══ Extracted material

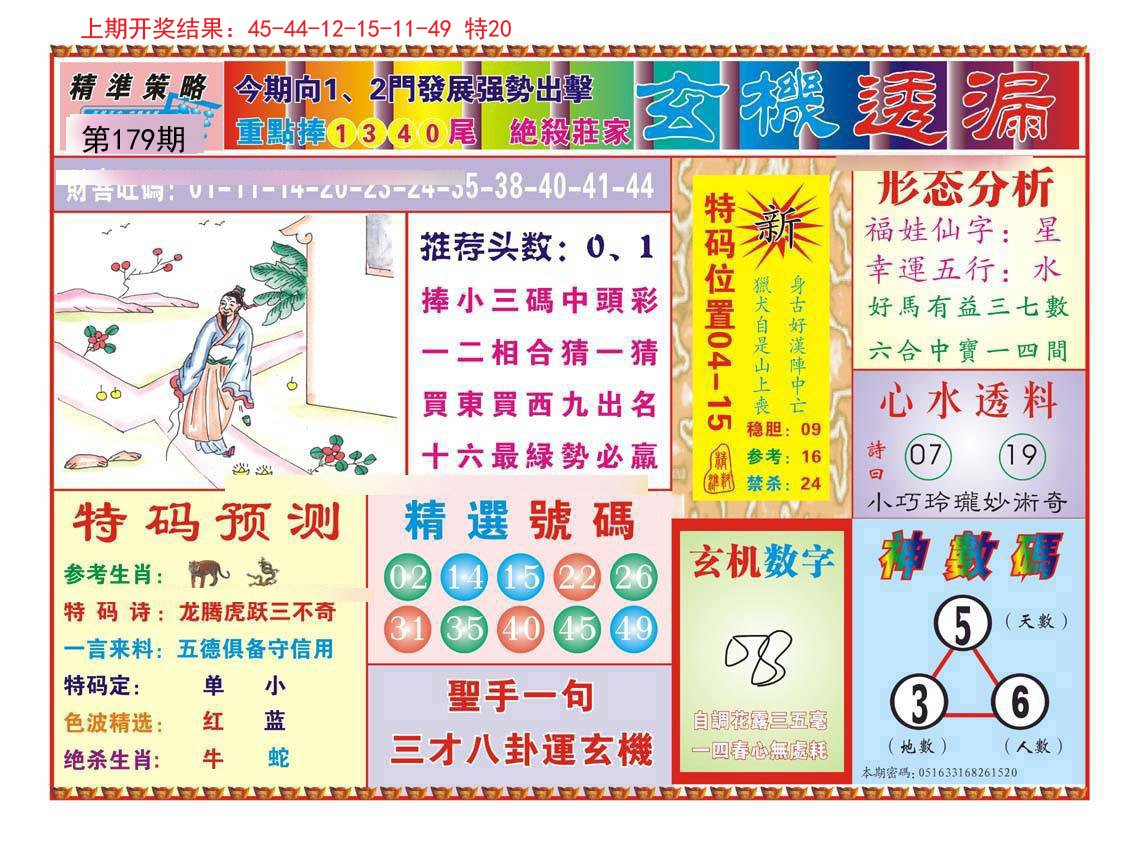 2024179期玄机透漏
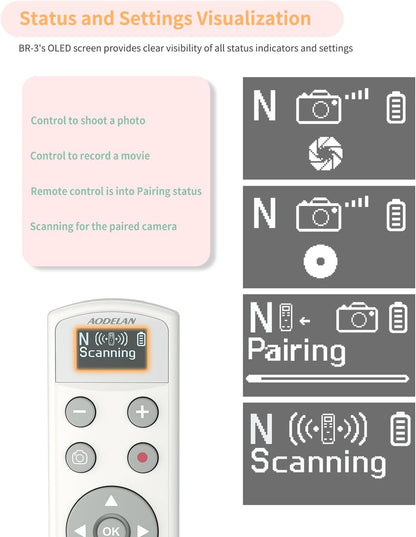 for Nikon Wireless Camera Remote Control - Aodelan Rechargeable Shutter Release Trigger with OLED Screen for Zfc, Z50, P1000,A1000, P950, B600; Replaces Nikon ML-L7(White)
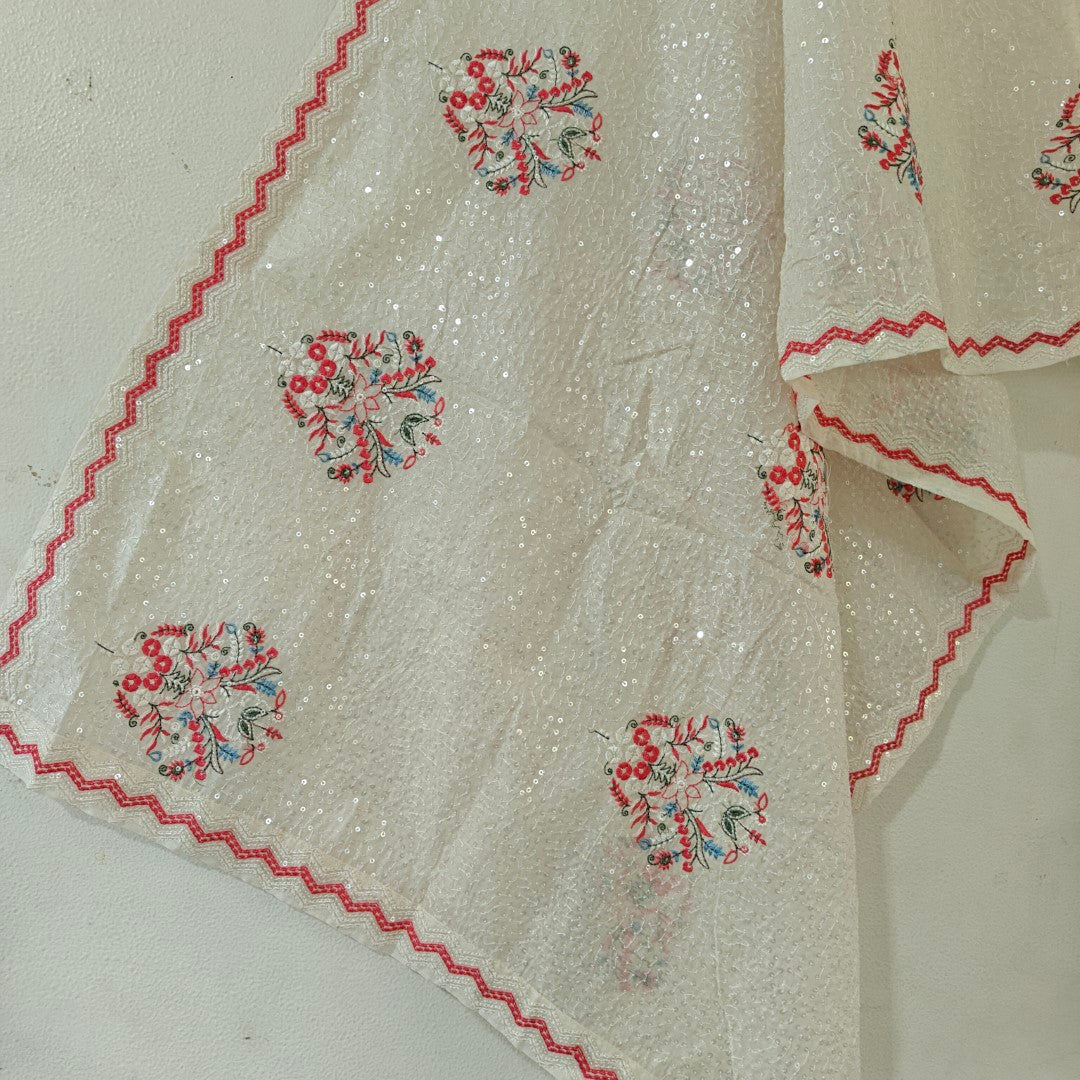 Heavy all over transparent sequins Dupatta. White Red Dupatta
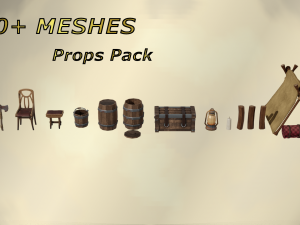 Stylized Props Pack - over 100 QUALITY MESHES Model 3D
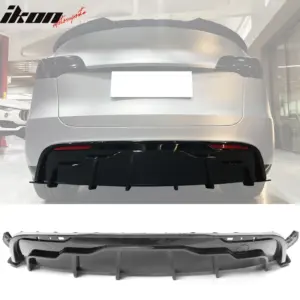 Fits 20-24 Tesla Model Y Gloss Black Rear Bumper Lip Diffuser Shark Fin Splitter - Image 6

════

Directions
Could you write out exactly the lines from the line containing "Stylized Props Pack" to the end of the material, and nothing else? No pictures belong in the copy.

Output of the exercise
 Stylized Props Pack - over 100 QUALITY MESHES Model 3D
 Fits 20-24 Tesla Model Y Gloss Black Rear Bumper Lip Diffuser Shark Fin Splitter - Image 6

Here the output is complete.